*Available records*
=== Begin Enclosure ===
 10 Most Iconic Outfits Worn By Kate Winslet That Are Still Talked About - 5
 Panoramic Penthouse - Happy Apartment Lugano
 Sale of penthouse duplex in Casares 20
=== End Enclosure ===
=== Begin Enclosure ===
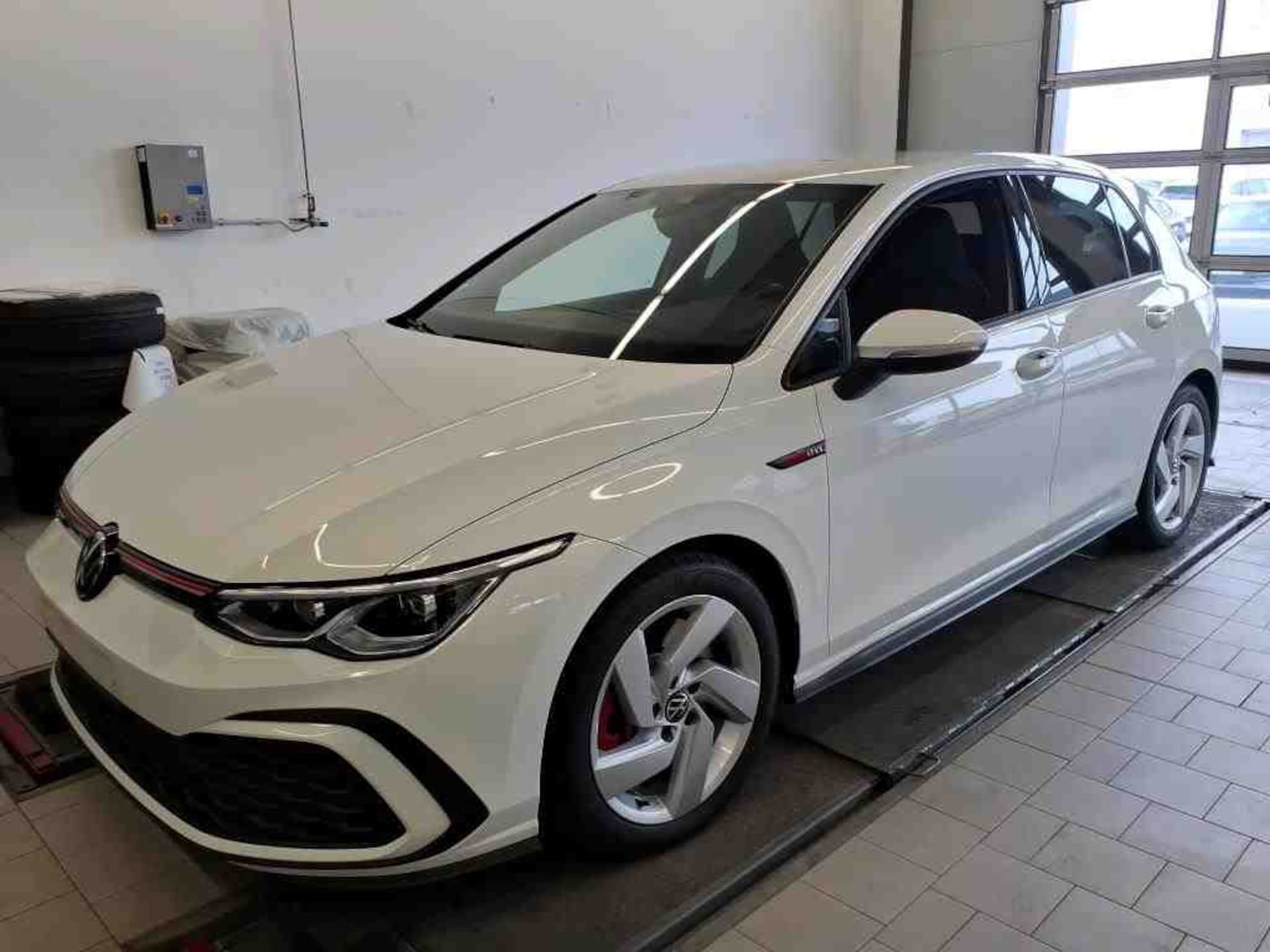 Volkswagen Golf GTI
=== End Enclosure ===
*Required action*
What you return must be the lines above that run from the line with "10 Most Iconic" to the line with "Sale of penthouse duplex in Casares 20", inclusive, each copied exactly.

*Response to this exercise*
 10 Most Iconic Outfits Worn By Kate Winslet That Are Still Talked About - 5
 Panoramic Penthouse - Happy Apartment Lugano
 Sale of penthouse duplex in Casares 20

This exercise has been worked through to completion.